WORK INSTRUCTION -> When you reach the line that contains "newly tenured staff graphic", please begin copying, and carry on exactly to the last line of the material, leaving out every picture.

INFORMATION SHOWN ->
◇ ◇ ◇ ◇
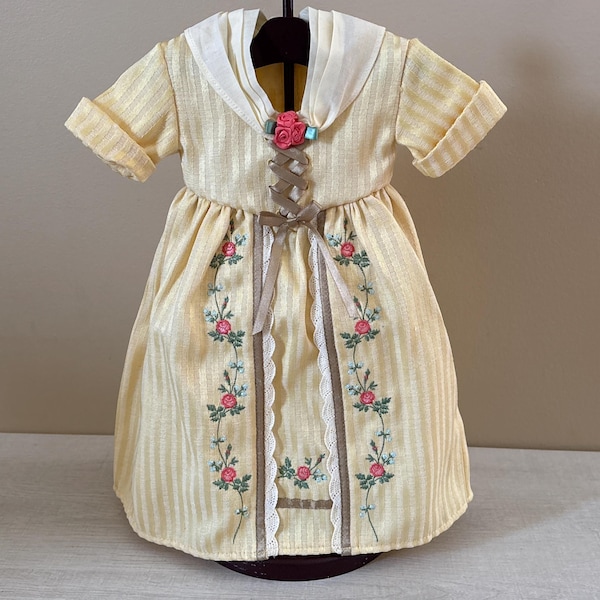 American Girl Felicity's Tea Lesson Gown ~ From Felicity's First Release ~ Looks New! ~ Vintage ~ Retired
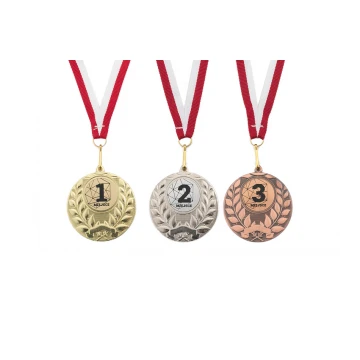 Medale metalowe z grawerowanym emblematem - średnica 50mm - MMC1750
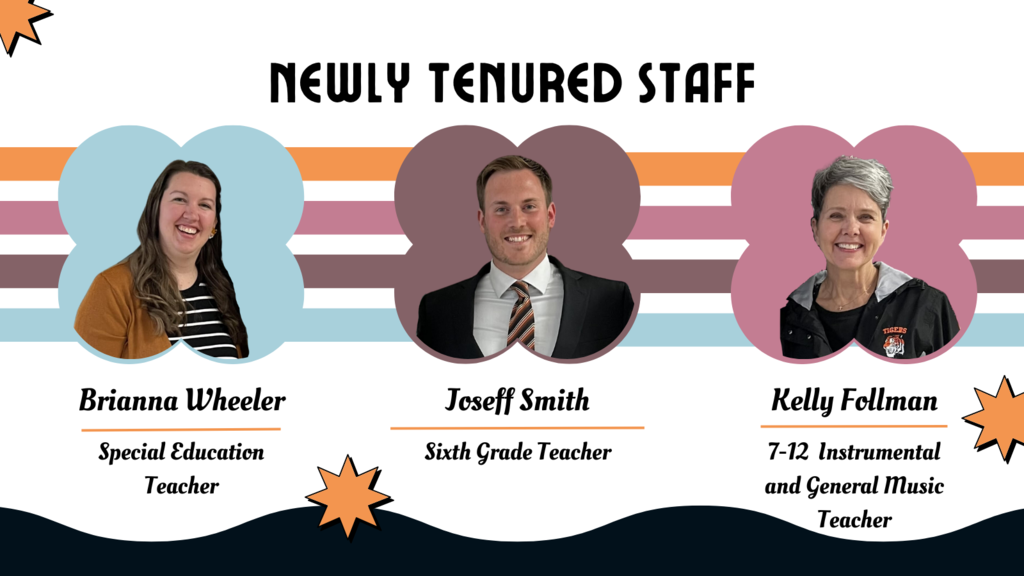 newly tenured staff graphic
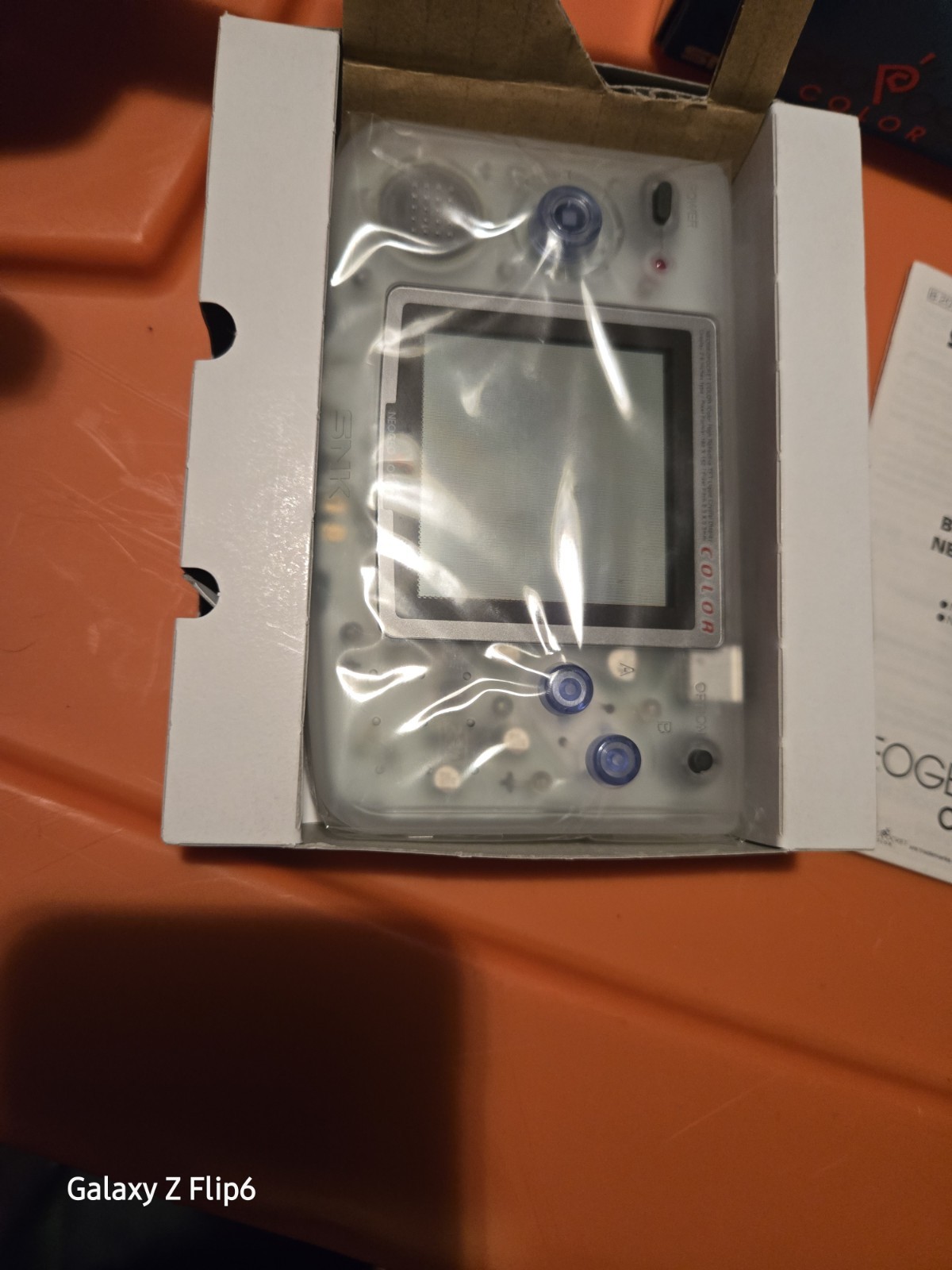 NEW SNK Neo Geo Pocket Color Clear Console *RARE- WESTERN EDITION* Free SHIPPING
◇ ◇ ◇ ◇
ANSWER SPACE ->
 newly tenured staff graphic
 NEW SNK Neo Geo Pocket Color Clear Console *RARE- WESTERN EDITION* Free SHIPPING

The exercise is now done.